Task statement = Please repeat nothing except the lines from the one containing "A dark olive" through the end of the records, exactly and without pictures.
*** Opening of Input records ***
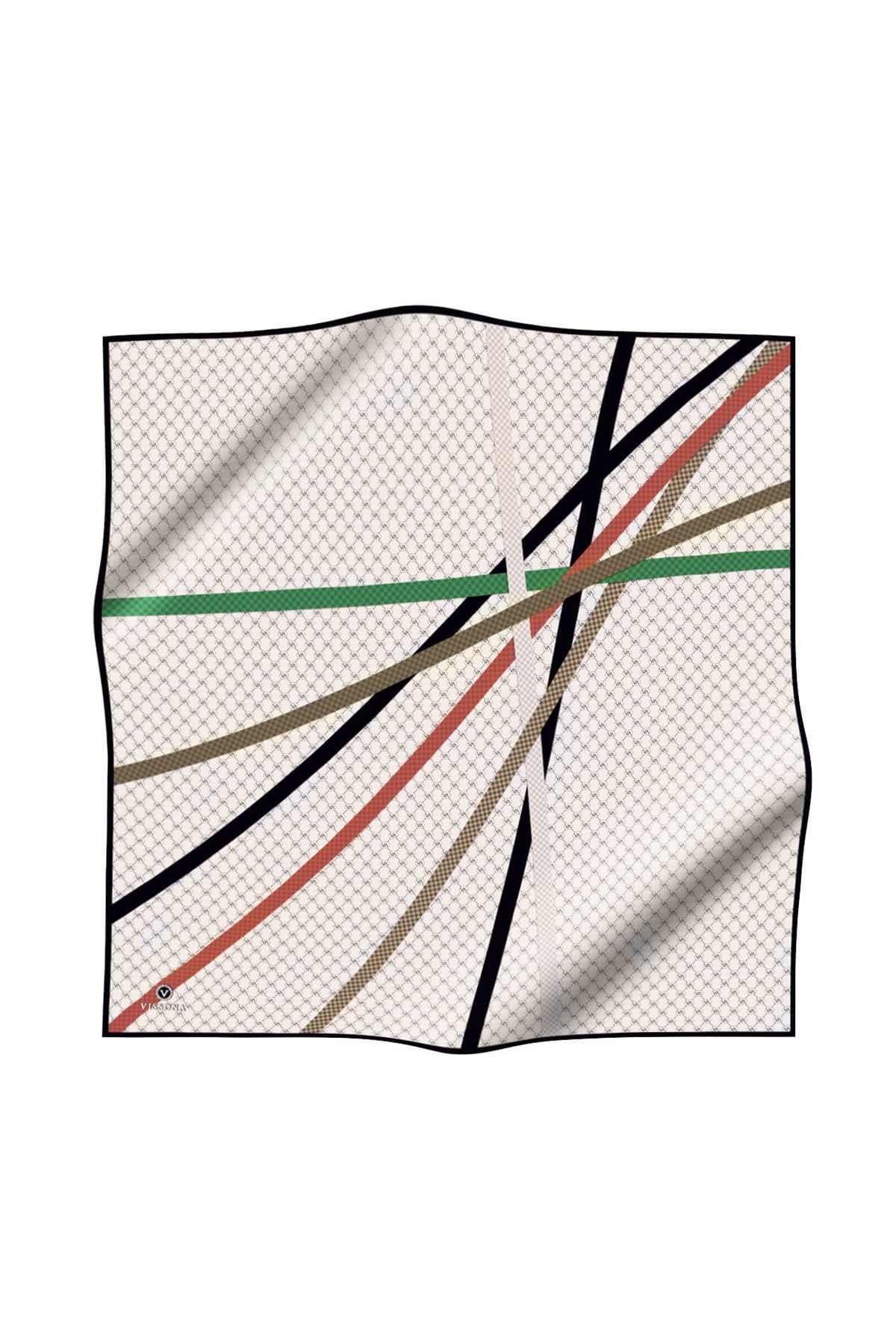 %100 Twill İpek Monogram Ve Şerit Desenli Taba - Siyah Renkli 90x90 Eşarp Dikim Şekli : El Dikişi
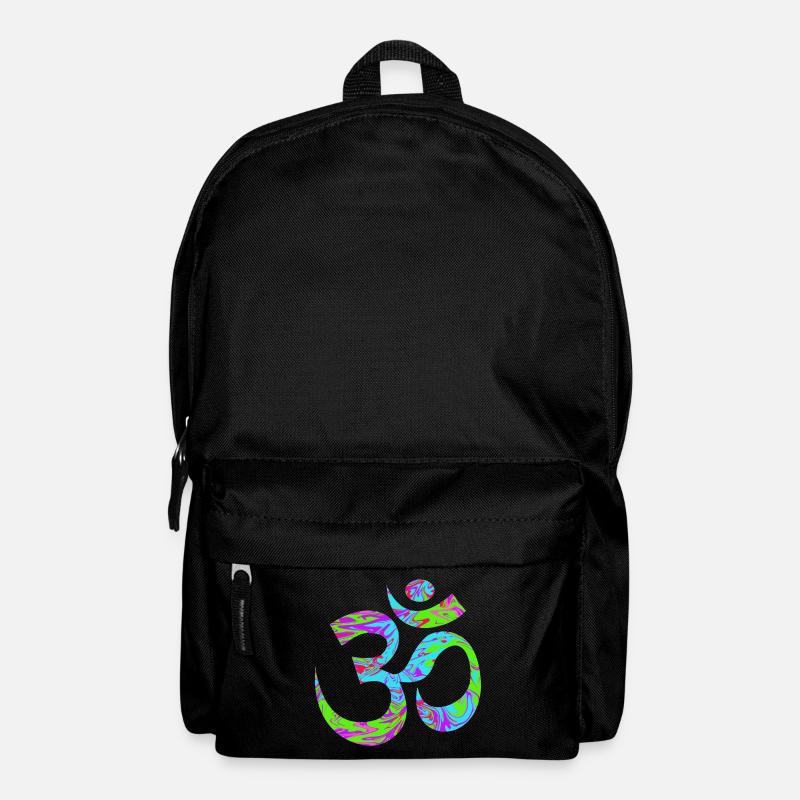 Om - Aum psychedelisch grün - Rucksack - Schwarz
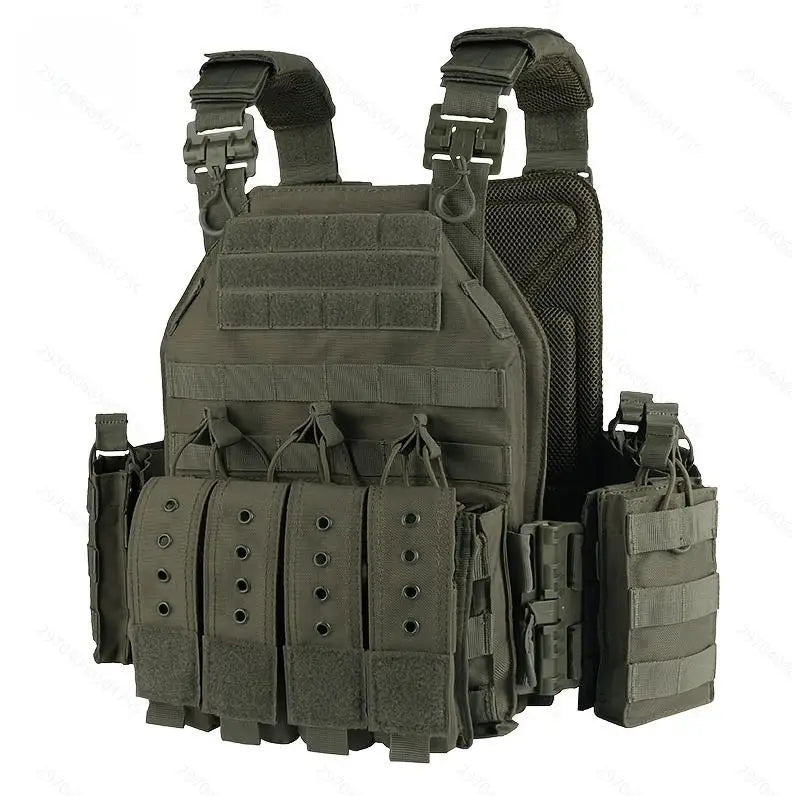 A dark olive green tactical plate carrier vest with an adjustable molle system.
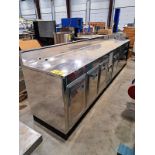 Stainless Steel Cabinet with sink, refrigerated, 26" wide X 13' long, 3-refrigerated doors, 2-door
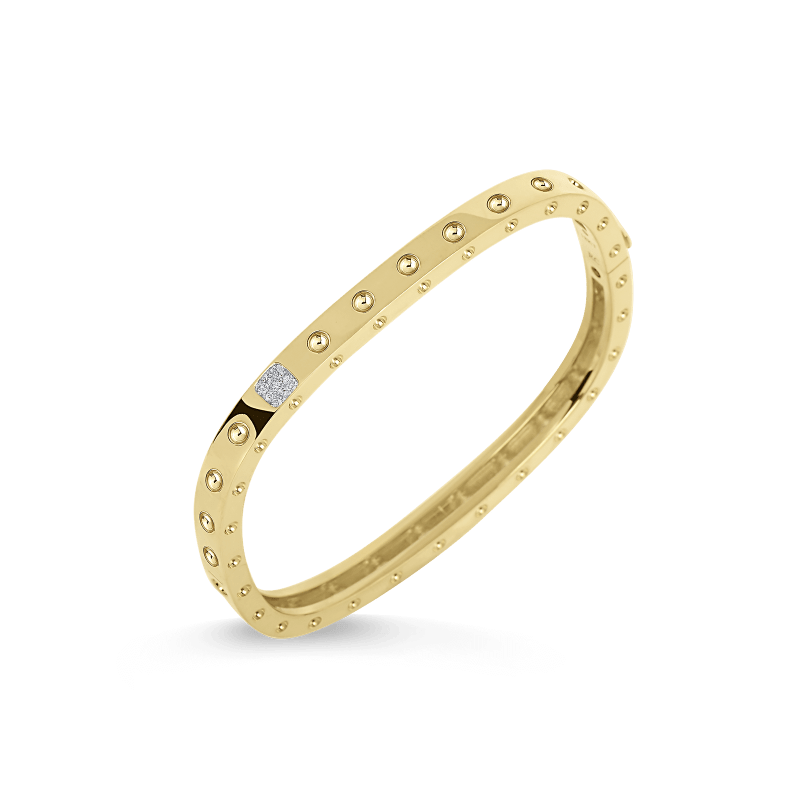 roberto coin 18kt gold 1 row square bangle with diamonds roberto coin 18kt gold 1 row square bangle with diamonds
*** Close of Input records ***
Exercise answer =
 A dark olive green tactical plate carrier vest with an adjustable molle system.
 Stainless Steel Cabinet with sink, refrigerated, 26" wide X 13' long, 3-refrigerated doors, 2-door
 roberto coin 18kt gold 1 row square bangle with diamonds roberto coin 18kt gold 1 row square bangle with diamonds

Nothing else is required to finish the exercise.